Short web captions:
- - - - - - -

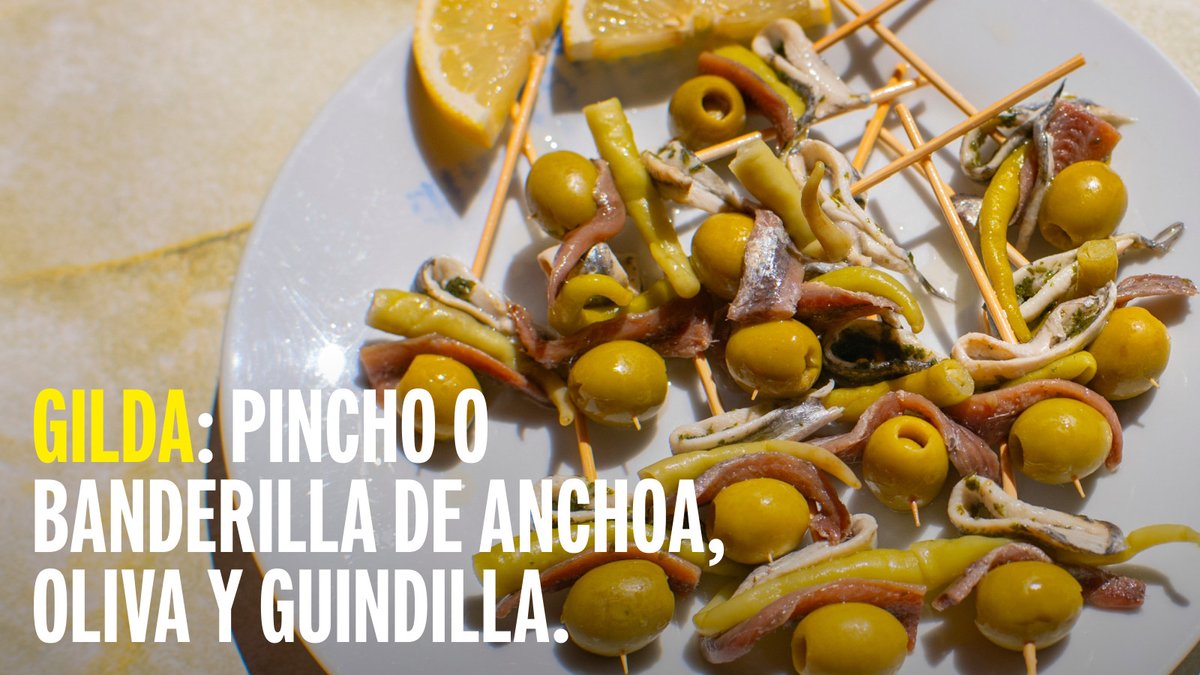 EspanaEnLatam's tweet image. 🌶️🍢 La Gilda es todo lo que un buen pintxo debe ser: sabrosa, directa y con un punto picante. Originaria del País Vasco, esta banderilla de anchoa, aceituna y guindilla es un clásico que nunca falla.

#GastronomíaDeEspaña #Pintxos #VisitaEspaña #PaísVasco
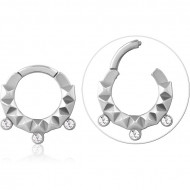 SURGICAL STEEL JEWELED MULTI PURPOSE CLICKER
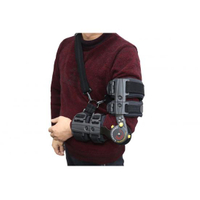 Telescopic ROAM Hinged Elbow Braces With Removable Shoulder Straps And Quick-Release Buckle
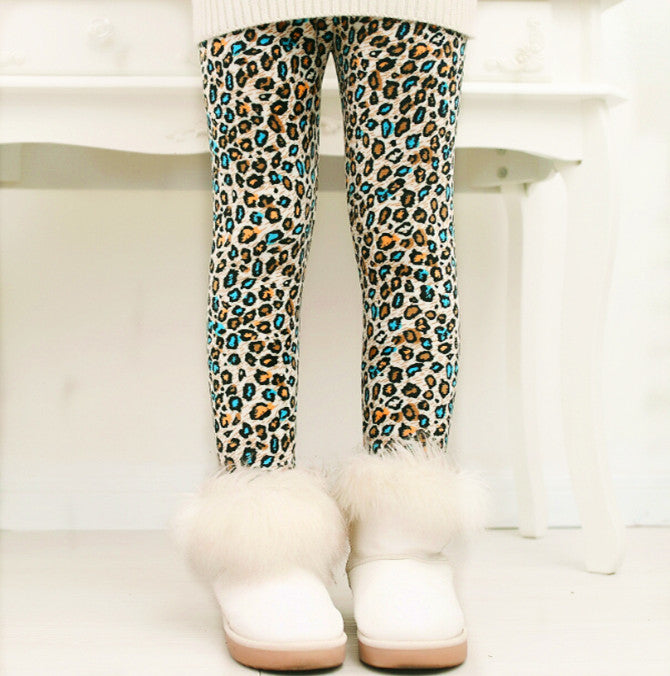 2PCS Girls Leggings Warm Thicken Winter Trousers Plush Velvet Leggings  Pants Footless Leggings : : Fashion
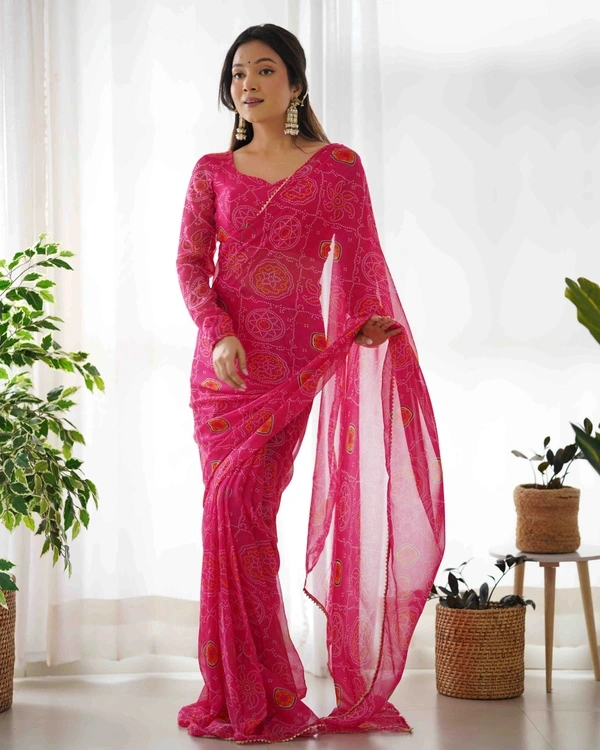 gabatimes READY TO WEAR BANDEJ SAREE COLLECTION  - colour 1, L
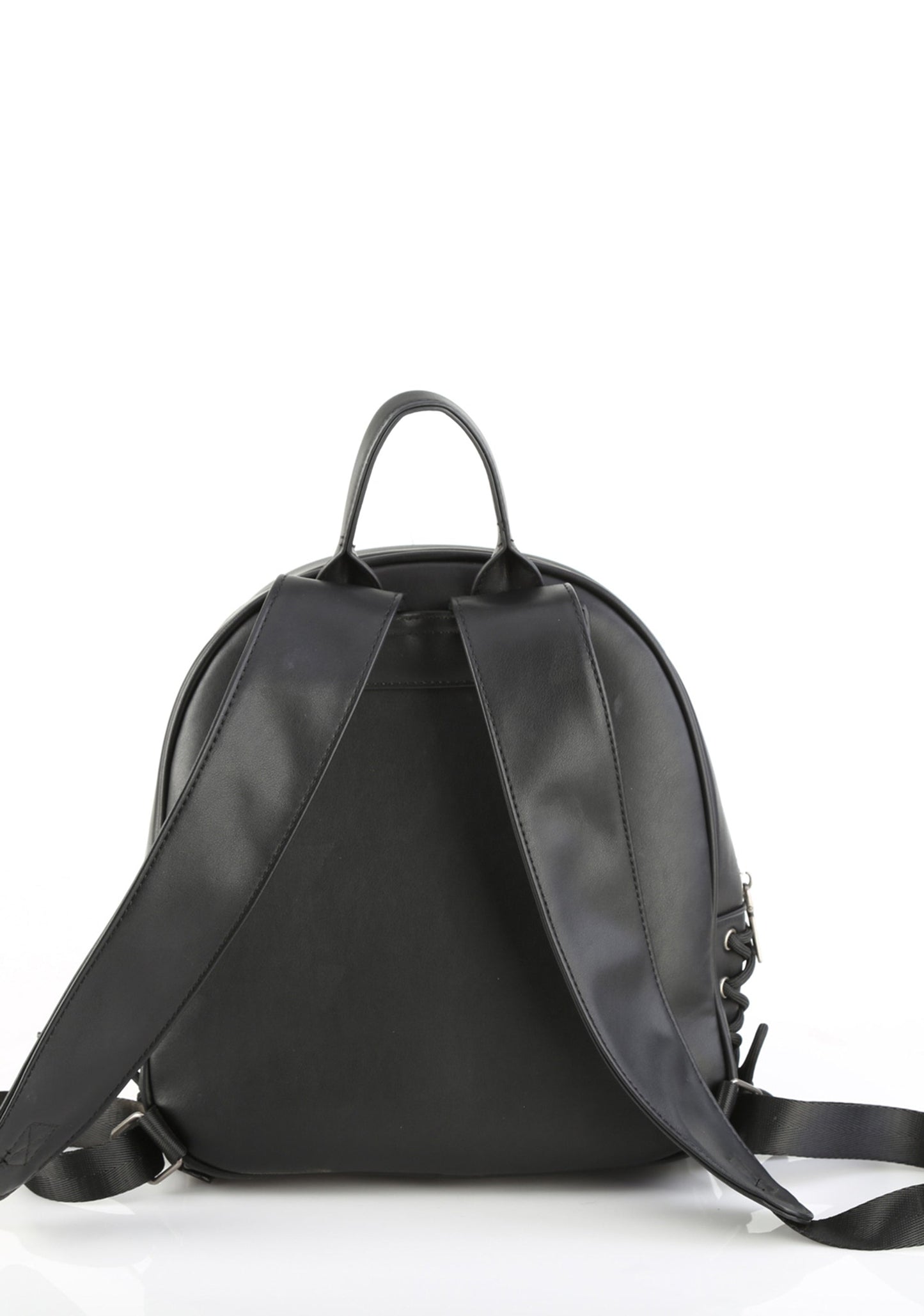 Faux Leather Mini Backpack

- - - - - - -

__Exercise requirements__
If a line comes after the line with "SURGICAL STEEL JEWELED MULTI PURPOSE CLICKER", it stays out; print exactly every line from the start of the entries up to and including that line, but no pictures.

__Exercise response__
 EspanaEnLatam's tweet image. 🌶️🍢 La Gilda es todo lo que un buen pintxo debe ser: sabrosa, directa y con un punto picante. Originaria del País Vasco, esta banderilla de anchoa, aceituna y guindilla es un clásico que nunca falla.

#GastronomíaDeEspaña #Pintxos #VisitaEspaña #PaísVasco
 SURGICAL STEEL JEWELED MULTI PURPOSE CLICKER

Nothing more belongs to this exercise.